# Port o lets



## daddymack (Jun 3, 2008)

So I have spent the last few years working at the headquarters of a big corporation. It's climate controlled, cafeteria, clean restrooms, the works. It can get boring a times but I can't complain.

For the last few weeks however I have been out in the real world. Still had indoor plumbing thank god.

Until.

The Owners of the building finally got tired of all the writing on the walls and had the GC provide the portolets.

I don't get the need to write on walls. I got over that around 3 years old. What P!sses me off the most I think is the F... the scabs stuff that was written. It just makes us look bad.

I also know one of the people who was doing it. He works for me at the headquarters. He's a hard worker but not a very good speller which gives him away.

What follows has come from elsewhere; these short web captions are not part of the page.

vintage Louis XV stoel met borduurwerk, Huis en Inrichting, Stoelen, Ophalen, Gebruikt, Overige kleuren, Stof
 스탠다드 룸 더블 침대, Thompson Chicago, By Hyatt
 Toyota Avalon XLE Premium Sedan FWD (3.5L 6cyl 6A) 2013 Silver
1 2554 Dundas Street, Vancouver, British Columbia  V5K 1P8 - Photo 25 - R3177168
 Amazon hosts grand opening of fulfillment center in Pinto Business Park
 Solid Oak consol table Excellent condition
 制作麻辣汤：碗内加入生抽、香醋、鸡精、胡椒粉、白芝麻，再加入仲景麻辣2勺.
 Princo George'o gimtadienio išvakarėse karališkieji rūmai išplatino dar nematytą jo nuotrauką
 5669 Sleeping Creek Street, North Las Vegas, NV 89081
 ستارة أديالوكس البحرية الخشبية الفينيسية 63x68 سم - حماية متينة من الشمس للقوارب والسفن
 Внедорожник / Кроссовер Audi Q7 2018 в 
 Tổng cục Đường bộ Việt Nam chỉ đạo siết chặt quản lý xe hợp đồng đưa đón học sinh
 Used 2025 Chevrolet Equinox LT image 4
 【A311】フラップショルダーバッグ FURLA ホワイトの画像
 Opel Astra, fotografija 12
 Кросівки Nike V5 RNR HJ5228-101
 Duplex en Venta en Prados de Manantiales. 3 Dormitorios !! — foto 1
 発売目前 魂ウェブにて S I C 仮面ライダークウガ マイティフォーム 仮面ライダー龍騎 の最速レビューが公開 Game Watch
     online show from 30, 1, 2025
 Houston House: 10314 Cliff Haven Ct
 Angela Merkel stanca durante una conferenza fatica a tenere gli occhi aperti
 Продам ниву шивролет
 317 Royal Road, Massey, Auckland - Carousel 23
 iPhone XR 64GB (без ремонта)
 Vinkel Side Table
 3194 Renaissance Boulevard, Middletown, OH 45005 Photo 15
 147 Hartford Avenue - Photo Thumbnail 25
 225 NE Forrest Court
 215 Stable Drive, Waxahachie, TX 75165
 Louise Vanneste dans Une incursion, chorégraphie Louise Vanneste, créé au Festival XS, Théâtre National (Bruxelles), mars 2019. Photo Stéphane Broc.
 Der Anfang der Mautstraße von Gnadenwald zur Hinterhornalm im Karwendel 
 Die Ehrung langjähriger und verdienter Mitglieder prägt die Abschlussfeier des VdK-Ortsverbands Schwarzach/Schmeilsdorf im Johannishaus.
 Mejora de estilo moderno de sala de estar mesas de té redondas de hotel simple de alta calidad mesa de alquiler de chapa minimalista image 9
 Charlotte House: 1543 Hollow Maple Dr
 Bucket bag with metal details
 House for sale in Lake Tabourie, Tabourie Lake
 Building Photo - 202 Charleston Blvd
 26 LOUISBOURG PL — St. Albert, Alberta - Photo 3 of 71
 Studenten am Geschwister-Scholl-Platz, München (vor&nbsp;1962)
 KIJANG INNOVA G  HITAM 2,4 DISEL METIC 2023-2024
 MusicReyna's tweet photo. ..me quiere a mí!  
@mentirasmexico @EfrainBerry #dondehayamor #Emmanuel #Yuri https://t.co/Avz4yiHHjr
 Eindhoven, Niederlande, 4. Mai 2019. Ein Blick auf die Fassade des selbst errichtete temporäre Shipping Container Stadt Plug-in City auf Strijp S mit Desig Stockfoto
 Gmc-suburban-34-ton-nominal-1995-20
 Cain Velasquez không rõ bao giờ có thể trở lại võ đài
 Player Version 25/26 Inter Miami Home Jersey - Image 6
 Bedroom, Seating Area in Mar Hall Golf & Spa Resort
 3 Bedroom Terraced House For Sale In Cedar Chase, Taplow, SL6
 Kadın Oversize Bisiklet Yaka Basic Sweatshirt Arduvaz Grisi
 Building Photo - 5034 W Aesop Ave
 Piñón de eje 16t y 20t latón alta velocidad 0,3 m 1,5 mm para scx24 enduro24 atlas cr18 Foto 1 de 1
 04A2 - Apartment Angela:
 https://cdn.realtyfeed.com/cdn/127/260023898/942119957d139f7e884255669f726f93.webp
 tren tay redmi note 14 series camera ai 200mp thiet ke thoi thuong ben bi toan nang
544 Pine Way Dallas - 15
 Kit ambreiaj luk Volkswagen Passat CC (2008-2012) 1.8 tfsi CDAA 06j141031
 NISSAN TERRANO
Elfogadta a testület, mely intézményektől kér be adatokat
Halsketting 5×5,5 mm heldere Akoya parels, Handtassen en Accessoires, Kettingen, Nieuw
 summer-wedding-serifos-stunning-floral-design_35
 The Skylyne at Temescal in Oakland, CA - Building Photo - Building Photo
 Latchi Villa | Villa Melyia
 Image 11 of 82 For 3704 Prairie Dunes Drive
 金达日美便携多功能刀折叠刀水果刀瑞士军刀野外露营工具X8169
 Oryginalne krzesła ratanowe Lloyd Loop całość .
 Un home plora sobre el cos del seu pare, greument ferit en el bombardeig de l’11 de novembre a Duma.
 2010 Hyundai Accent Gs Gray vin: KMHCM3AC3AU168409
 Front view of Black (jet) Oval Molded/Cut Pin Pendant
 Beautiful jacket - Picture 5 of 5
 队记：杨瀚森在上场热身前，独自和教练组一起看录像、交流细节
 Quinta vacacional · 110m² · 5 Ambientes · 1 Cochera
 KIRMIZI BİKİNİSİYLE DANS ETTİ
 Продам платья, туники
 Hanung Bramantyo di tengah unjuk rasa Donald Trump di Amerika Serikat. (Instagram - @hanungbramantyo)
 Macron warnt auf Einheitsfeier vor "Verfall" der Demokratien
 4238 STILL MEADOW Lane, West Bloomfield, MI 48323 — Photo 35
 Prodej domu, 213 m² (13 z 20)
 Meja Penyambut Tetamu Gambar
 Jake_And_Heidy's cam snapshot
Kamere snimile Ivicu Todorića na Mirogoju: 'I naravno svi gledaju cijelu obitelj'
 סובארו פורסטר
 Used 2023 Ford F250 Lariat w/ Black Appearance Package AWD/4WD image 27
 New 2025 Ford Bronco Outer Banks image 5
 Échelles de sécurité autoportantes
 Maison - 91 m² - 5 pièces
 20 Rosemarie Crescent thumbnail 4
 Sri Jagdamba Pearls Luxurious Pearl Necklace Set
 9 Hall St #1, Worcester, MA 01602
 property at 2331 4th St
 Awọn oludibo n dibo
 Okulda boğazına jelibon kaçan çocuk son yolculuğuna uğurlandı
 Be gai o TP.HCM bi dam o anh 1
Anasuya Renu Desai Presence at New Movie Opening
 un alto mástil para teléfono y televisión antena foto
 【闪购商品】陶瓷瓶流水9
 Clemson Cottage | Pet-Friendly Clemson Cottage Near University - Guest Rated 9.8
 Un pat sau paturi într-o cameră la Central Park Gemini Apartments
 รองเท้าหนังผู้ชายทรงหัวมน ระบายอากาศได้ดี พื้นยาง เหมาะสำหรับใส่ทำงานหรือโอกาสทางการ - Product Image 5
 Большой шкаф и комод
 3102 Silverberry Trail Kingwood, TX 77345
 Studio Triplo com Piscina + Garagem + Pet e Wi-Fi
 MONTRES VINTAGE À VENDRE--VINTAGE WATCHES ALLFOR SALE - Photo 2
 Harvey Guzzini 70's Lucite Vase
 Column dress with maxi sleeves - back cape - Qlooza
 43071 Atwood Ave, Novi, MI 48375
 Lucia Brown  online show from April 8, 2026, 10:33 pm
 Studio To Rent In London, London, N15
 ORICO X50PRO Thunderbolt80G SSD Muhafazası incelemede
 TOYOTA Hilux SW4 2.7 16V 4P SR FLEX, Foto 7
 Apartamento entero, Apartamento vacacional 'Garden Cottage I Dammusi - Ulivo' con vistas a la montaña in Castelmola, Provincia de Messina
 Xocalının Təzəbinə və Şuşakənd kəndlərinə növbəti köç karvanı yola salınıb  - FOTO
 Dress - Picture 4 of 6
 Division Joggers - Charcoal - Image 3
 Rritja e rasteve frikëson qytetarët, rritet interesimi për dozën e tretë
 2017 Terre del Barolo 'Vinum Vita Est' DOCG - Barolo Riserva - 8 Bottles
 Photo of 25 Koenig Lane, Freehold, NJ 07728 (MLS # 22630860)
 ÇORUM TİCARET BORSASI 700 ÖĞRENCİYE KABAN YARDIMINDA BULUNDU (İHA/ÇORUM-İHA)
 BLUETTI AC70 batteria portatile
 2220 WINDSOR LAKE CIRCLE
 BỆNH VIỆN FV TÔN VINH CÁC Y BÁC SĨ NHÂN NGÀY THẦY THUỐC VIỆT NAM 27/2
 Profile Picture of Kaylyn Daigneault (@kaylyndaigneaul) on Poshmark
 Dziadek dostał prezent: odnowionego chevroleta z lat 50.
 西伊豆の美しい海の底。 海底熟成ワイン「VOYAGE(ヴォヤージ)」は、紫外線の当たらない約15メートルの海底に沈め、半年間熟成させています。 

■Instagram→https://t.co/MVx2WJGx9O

He's an adult but, I got to let him know that thats not acceptable. If you want to do it, sign your name. Don't make all of us look guilty by association.


----------



## Speedy Petey (Jan 10, 2007)

This winter be sure to thank him for having to crap in a 15 degree port-a-potty.  :no:


----------



## brian john (Mar 11, 2007)

I was on a finished project and we had to use porta potties, finally the let us "IN" about a week latter the porta's were back. The workers were crappping on the floor on the wall every where but in the can. So back to the porta potties.

And you wonder why construction workers have a bad name.


----------



## Adam12 (May 28, 2008)

You can always find out whats going on at the jobsite simply by reading the $hitter walls.

Sometimes the stuff written is funny most of the time its written by illiterate morons and doesnt make any sense.


----------